Ryan's patches don't have a flush or end-of-output marking call.

That said, I still do not believe this design is wrong. The content
generator and any given filter cannot know the Content-Length. Any
subsequent filter could change the length.

The only code point where the "real" length is known, is at the bottom.
There is simply nothing that can be done until then. In our current
codebase, the bottom is BUFF. But BUFF doesn't have the necessary support
right now, so we *temporarily* punt.

> At the very least the HTTP filter/buff should be capable of discovering
> whether it knows the content length by examing whether it has the whole
> response in buffer (or fd) before it sends out the headers.

Bing. Exactly. But you're talking about a lot of additional work which can
be completed in a second pass. It also requires a bit of extra work in BUFF,
so that it can keep the headers separate and automatically call out to a
function that says "I'm about to ship out the first block." That function
can muck the headers at will; when it returns, BUFF will send the headers
followed by the first block.

And that short blue-sky thought could possibly have any number of flaws.
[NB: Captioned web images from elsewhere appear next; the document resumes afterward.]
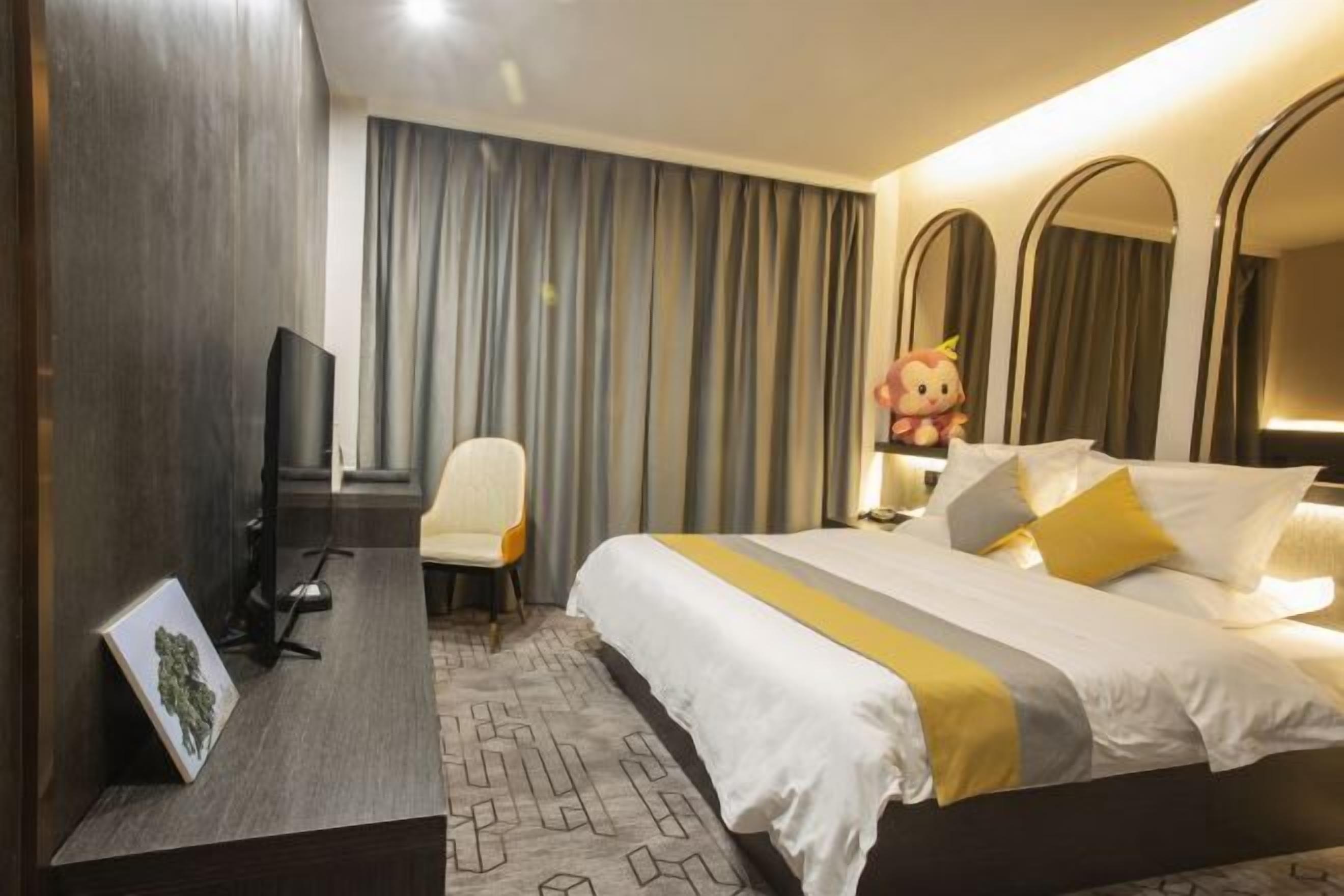 Una habitación de hotel con una cama, un escritorio, una silla, un televisor y un espejo grande.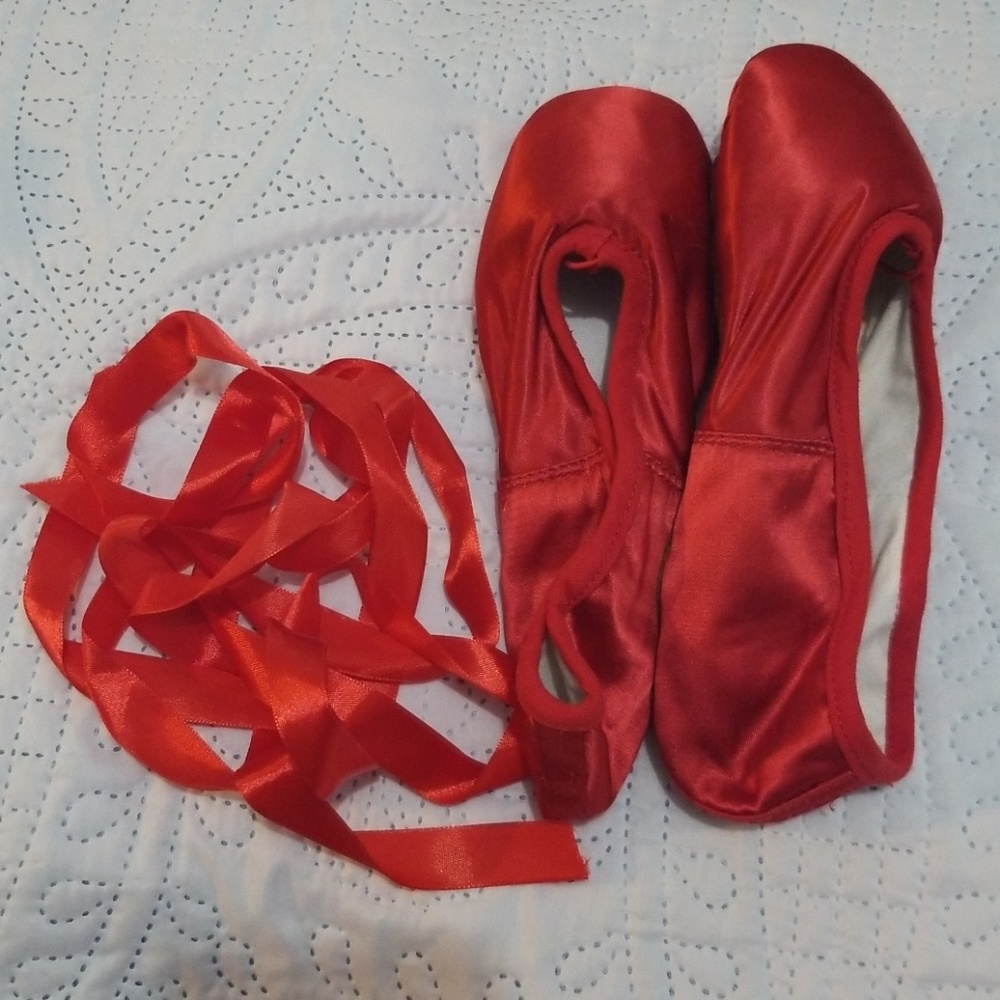 Red satin ballet pointe shoes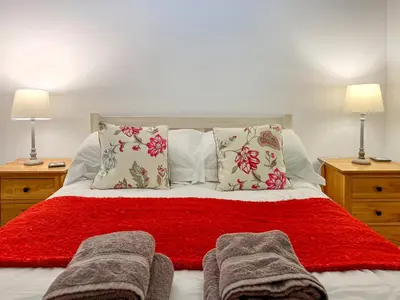 a bedroom with a red bed with two lamps at Riverview Cottage in Kenmore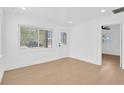 Well-lit room with white walls, hardwood floors, and natural light from windows at 5753 2Nd N Ave, St Petersburg, FL 33710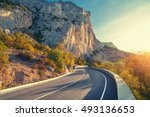 Asphalt road. Colorful landscape with beautiful mountain road with a perfect asphalt. High rocks, blue sky at sunrise in summer. Vintage toning. Travel background. Highway at mountains
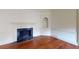 Cozy living room showcases hardwood floors, a fireplace, and built-in shelving at 993 Castle Falls Dr. Ne Dr, Atlanta, GA 30329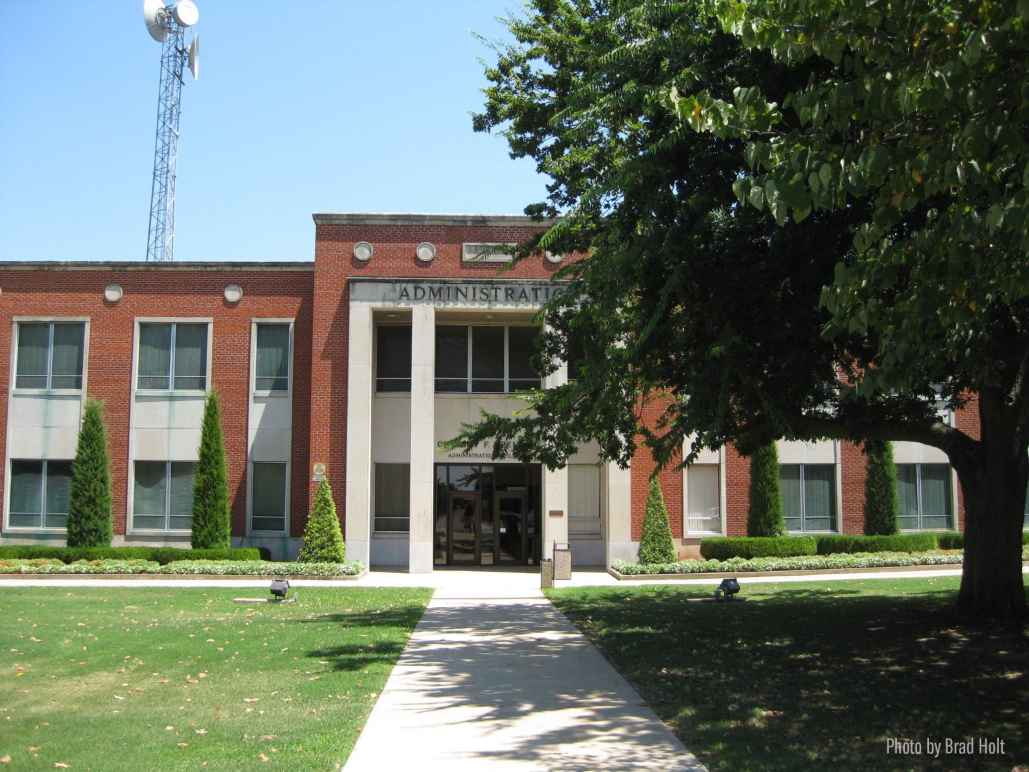 Photo: A tree in the foreground obscures a portion of a brick administration building in the background 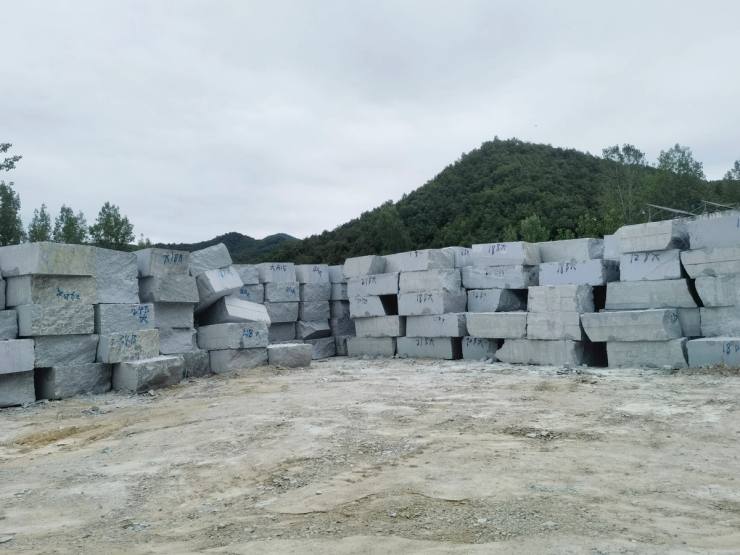 Natural granite quarry blocks stored by production batch, providing stable raw material supply for granite cobblestones, kerbstones and project paving slabs.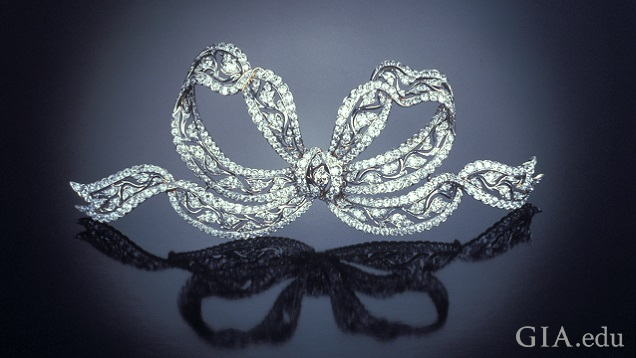 A bow brooch with long ribbon tendrils. A bow brooch with long ribbon tendrils.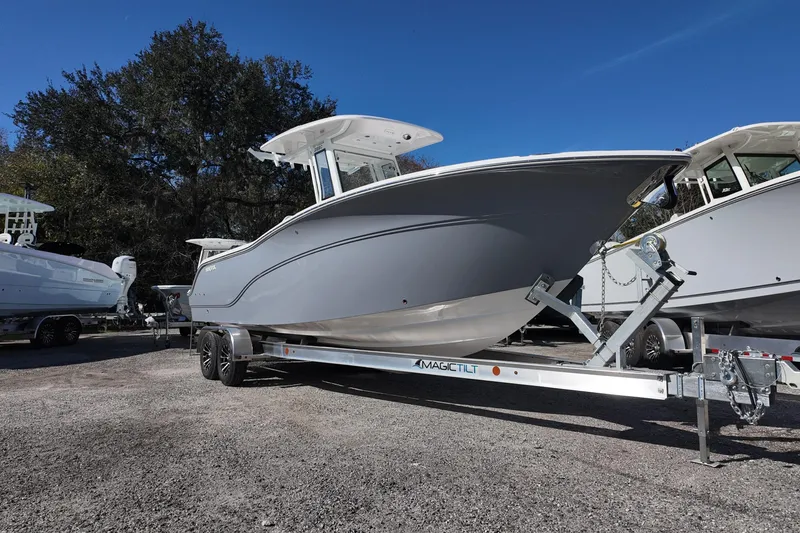 Slide: The Image of 2026 Sea Fox 268 Commander boat on trailer, parked outdoors under clear blue sky. - 2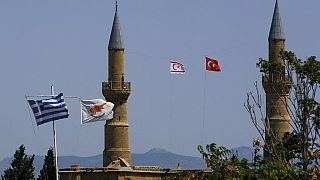 Greek, left, and Cyprus' flags, second left, flutter on poles in the south, as in the north Turkish occupied area, a Turkish & Turkish Cypriot breakaway flags fly on a minaret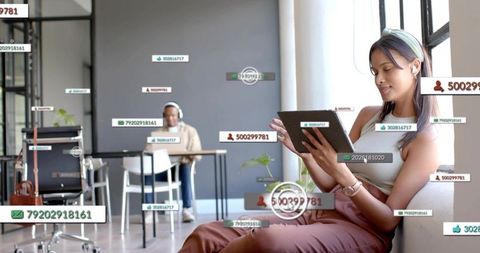 Young woman using tablet with augmented reality labels in sunlit coworking space for remote teams
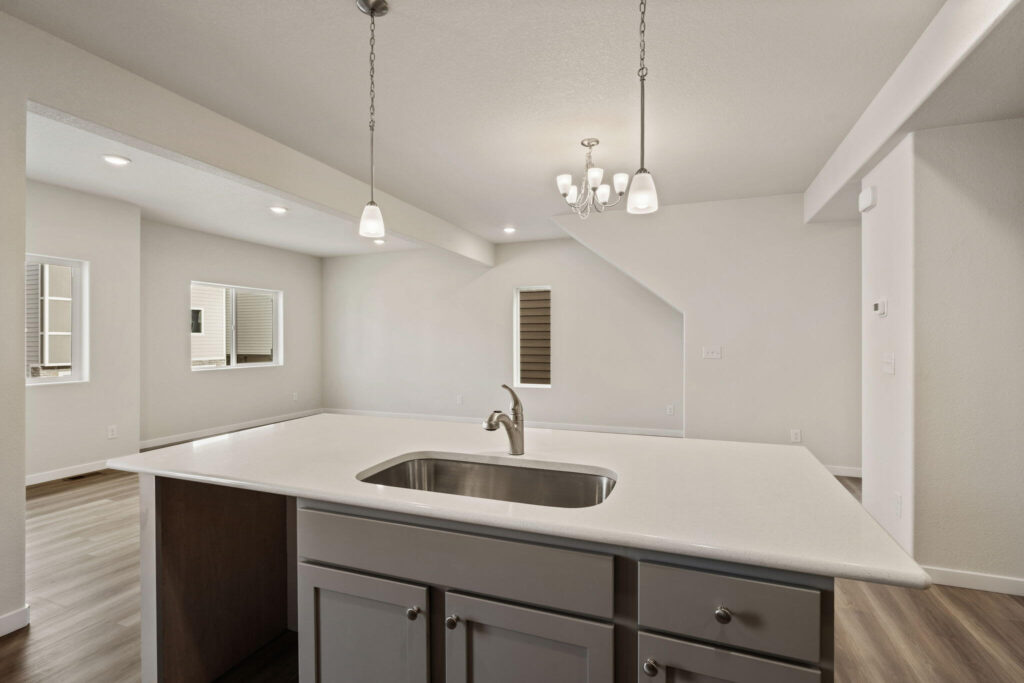 Island countertop with sink looking toward an open living area and chandelier.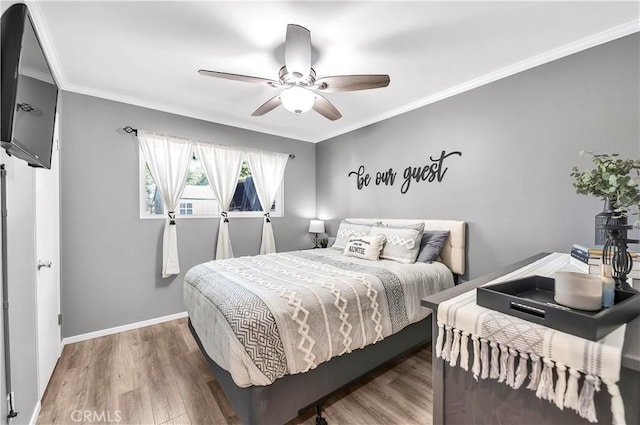 bedroom with ceiling fan, wood finished floors, baseboards, and ornamental molding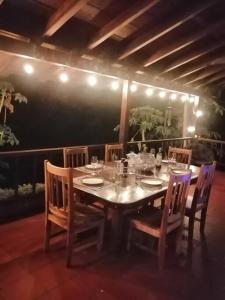 a dining room table with chairs and a tableablish at CasaBravaVentura Jungle Ecofarm in Santa Catalina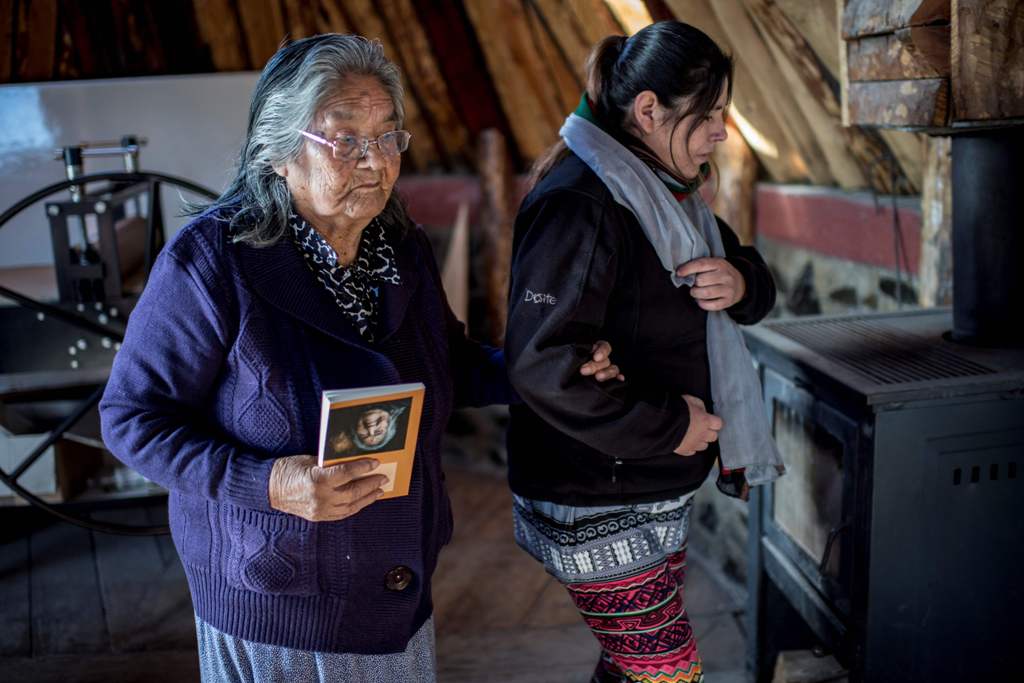 Holding a copy of her book, Cristina Calderon (L), 89, the last native speaker of the Yagan language, walks with her granddaughter Claudia Gonzalez in the local community center in Puerto Williams, southern Chile, on April 23, 2017. AFP / Martin BERNETTI
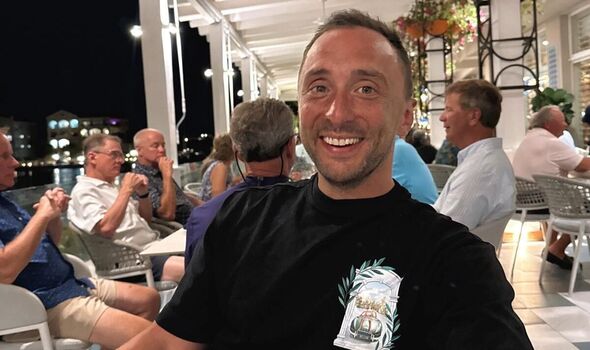 Mr McEntee smiles sitting outside at restaurant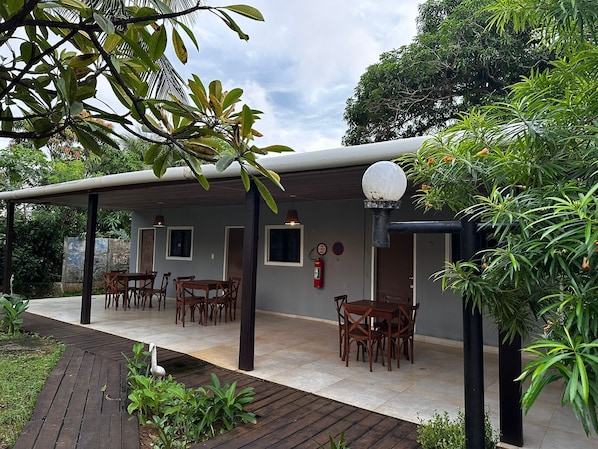 A covered outdoor dining area with wooden tables and chairs, surrounded by lush greenery and a stone wall.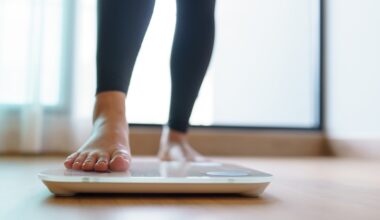 woman checking scale for zepbound weight loss results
The point here is that *for now*, we have to punt the Content-Length when a
filter is present. We just don't have the necessary support yet. But! That
support can be added in a second round. It does not necessarily have to
occur *before* we insert any filtering code. Again, that would simply be a
delay and a decrease in reviewability.

> Of course, it is also possible that the three of us are all thinking
> of wildly different architectures from parallel universes and all the
> argument is simply because we have no shared whiteboard to reach a
> common understanding of the general model we are trying to implement.
> But I still think we are making more progress than last week.

Not having the white board is a definite hinderence, but it isn't a panacea
either. Ryan posted a set of filtering patches way back when, and I pointed
out a bunch of issues. About a week later, I was at Covalent talking about
config stuff with Ryan, et al, and we hit on the filtering when we were
done. I had thought we left with a common understanding. Hehehe...

We are making progress, but I'm also getting a bit tired. I've coded a set
of patches which I believe are entirely valid, yet I'm still helping to code
Ryan's by providing a long series of detailed reviews and seriously friggin
long writeups. You can understand my frustration when I've got code that
works, yet I have to continue spending time on a whole different patch set.

Sigh.

All that said... what is your actual position on this stuff, Roy? I see
where you'd like to see it *head*, but I think the real question is whether
we have a valid *step* in that direction. IMO, my patch fits that, and
Ryan's could with some more fixes from my last review.

Cheers,
-g

-- 
Greg Stein, http://www.lyra.org/